Kırıldıklarını Aktarmak
Korktuğun insana dönüşmek.
İnsan ya ailesinden nasıl bir aile olacağını öğrenir ya da nasıl olunmayacağını, derler. Doğrudur da ama unuttukları bir şey vardır ki ebeveynlik herhangi bir kitapta yazmaz, yani yazar da yazdığı gibi yapılmaz. İnsan kendi ailesinden ne görüyorsa onu yapmaya başlar eninde sonunda. Çünkü bildiği, gördüğü, öğrendiği odur. Her ne kadar doğru olmadığı düşünse de yaşarken, bilinçaltında yer edinir ve günü gelir o tanıdık tepkiyi verir hale gelir. Çünkü bir tepkiyi verdiğinde bunun bir göndericisi bir de alıcısı vardır. İnsan alıcı konumundayken yaşadıklarını unutmaz ama işler değiştiğinde gene karşındaki kişinin duygularıyla kendi daha önceki duygularını bağdaştırmak o kadar da kolay değildir aslında. Mesela iki arkadaş birbirlerinin aile sorunlarını net bir şekilde anlayabilir de bir anne bir çocuğun isyanları o kadar iyi anlayabilir mi? Zamanında kendi aynı yollardan geçmişse bile anlamak zordur çünkü sen artık başka bir tarafsın.

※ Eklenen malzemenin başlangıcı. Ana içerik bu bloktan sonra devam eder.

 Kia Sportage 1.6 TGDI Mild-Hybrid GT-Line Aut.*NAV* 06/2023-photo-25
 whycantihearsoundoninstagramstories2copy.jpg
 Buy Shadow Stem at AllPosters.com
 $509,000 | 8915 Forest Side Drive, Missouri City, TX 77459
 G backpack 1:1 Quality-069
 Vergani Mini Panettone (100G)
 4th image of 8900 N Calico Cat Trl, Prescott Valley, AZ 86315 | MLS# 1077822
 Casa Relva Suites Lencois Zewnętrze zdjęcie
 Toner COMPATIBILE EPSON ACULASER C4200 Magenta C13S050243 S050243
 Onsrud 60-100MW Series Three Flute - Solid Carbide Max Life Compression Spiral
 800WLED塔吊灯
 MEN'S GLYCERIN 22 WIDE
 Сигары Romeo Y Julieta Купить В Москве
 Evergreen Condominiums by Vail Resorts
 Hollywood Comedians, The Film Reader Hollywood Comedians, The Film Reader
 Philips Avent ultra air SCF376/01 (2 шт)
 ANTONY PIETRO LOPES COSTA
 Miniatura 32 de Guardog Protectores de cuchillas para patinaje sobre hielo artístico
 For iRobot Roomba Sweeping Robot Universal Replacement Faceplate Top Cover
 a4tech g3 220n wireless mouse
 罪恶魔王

Aslında ister istemez ailemiz bizde travmalar bırakır. Onlar dediği bir söz, verdikleri bir tepki, herhangi bir bakış bile yıllar sonra hatırlayacağımız, içerleyeceğimiz bir anıya sebep olabilir. Hatta her ne kadar canımızın bir parçası bile olsa da içten içe öfke duyacağımız ve belki de bunu kendimize bile itiraf edemeyeceğimiz nokta olabiliriz. İnsan sevdiklerine kırılabilir ve bu kişi ailense bunu içine attığında bambaşka bir yerden patlak da verebilir. Böyle anlarda da içten içe sorgularız onları. "Ben evladıma böyle bir şey yapmam." deriz. Deriz de muhtemelen de yaparız. Çünkü o an hissettiklerini ilişkideki konumun değiştiğinde bilinçaltın hatırlamayacak ve seni tanıdık tepkiye yönlendirecektir. Sonrasında bir bakmış ki olmak istemediğin insan olmuşsun.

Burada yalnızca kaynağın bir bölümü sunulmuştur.